David L. Goldwyn, president of Goldwyn Global Strategies LLC and former U.S. special envoy and coordinator for international energy affairs: Achieving energy reform in Mexico is a daunting political challenge. President Peña Nieto was able to overcome the first hurdle with the approval of constitutional reform allowing foreign investment in the oil sector. The next hurdle involves the secondary laws, which will make the reform a reality. The discussion about local content requirements is ultimately a discussion about striking the right balance. The government must balance the need to incentivize foreign investment with the need to demonstrate that the reform will not just bolster the macroeconomic figures of the country, but also create jobs and opportunities that directly benefit the Mexican people. Promoting a local content requirement may indeed help Mexico achieve this balance.
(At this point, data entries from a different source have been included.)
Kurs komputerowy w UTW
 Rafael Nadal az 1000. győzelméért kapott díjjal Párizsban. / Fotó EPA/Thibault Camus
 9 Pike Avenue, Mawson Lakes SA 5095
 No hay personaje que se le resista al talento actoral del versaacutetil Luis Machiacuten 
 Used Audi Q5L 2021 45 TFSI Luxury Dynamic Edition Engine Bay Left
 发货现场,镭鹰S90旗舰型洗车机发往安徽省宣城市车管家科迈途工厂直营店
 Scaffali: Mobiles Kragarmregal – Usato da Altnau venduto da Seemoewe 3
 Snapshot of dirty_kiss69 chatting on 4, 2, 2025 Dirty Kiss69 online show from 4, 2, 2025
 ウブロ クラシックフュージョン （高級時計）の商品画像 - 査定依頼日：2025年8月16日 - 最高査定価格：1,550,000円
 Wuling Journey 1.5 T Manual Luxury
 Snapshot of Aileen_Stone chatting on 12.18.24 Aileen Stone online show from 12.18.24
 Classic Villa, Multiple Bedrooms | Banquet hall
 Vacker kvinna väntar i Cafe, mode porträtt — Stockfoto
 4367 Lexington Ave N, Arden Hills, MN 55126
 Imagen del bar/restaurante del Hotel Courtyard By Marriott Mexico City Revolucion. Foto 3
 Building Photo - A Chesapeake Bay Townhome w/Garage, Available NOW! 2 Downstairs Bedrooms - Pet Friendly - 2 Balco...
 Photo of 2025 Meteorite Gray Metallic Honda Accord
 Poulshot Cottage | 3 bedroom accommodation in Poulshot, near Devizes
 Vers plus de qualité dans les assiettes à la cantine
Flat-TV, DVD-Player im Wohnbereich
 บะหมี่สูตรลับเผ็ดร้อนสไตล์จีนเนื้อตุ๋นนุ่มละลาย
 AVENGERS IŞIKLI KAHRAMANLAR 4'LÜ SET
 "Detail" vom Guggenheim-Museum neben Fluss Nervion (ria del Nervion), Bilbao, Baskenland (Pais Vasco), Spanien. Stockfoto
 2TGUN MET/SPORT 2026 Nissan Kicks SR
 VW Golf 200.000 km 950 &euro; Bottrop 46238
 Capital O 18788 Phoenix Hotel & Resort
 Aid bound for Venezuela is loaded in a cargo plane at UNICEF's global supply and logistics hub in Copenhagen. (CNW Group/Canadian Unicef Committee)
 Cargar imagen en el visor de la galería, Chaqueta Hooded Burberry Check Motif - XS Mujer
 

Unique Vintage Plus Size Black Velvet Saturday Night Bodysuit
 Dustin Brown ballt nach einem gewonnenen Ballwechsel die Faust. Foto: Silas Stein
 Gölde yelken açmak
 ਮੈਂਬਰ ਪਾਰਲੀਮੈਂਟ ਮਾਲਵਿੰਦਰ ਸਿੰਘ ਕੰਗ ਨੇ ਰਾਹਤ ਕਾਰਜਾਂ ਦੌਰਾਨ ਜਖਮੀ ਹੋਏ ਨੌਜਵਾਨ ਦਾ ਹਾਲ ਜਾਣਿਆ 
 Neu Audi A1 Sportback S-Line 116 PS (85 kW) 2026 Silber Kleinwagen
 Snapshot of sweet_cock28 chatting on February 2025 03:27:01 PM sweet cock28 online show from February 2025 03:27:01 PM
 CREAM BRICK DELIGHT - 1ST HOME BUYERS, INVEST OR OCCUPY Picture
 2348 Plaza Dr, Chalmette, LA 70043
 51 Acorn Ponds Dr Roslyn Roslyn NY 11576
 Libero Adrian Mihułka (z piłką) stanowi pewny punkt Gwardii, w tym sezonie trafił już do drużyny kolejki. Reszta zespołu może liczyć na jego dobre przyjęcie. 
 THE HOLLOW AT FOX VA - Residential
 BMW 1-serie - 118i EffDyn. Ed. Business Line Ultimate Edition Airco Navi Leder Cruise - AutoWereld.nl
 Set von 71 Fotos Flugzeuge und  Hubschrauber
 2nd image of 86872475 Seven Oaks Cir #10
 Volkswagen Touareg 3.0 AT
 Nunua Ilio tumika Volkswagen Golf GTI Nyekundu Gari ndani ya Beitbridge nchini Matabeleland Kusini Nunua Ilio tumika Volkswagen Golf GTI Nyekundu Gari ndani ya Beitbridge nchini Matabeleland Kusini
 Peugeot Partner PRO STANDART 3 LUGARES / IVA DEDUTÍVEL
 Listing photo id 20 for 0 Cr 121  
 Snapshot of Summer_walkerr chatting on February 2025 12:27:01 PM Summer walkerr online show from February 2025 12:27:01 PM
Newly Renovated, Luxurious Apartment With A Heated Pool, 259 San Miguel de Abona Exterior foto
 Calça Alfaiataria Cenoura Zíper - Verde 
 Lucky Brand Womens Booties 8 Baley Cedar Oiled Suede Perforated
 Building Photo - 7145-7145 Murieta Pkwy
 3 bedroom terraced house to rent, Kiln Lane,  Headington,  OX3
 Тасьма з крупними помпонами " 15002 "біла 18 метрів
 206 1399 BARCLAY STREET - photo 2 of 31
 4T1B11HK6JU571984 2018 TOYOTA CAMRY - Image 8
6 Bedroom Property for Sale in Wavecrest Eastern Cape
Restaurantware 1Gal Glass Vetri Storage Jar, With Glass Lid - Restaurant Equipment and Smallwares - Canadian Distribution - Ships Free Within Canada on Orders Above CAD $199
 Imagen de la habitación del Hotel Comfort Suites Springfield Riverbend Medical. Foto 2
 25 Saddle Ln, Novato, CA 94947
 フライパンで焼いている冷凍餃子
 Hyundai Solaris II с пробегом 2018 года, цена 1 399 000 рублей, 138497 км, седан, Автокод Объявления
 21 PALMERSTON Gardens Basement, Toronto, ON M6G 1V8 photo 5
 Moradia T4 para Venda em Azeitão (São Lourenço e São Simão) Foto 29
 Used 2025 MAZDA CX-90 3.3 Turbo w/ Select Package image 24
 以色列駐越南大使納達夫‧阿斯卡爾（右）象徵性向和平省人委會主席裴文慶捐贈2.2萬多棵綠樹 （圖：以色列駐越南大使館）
The key, however, is that any local content requirements are flexible enough so as not to exceed Mexico's domestic capabilities, especially considering that the introduction of new, non-domestic technology is one of the reform's chief goals. In my conversations with Mexican officials they have made clear they closely examined Colombia's successful energy model--which does not employ local content requirements--in shaping Mexico's reform. Similarly, they have learned well the lessons taught by Brazil's overly stringent content rules, which have suppressed growth and proven to be self-defeating. While the right answer for Mexico may involve some measure of local content requirements, I am confident the nation's leaders will not enact requirements so strict that they undermine the very goal of the reform.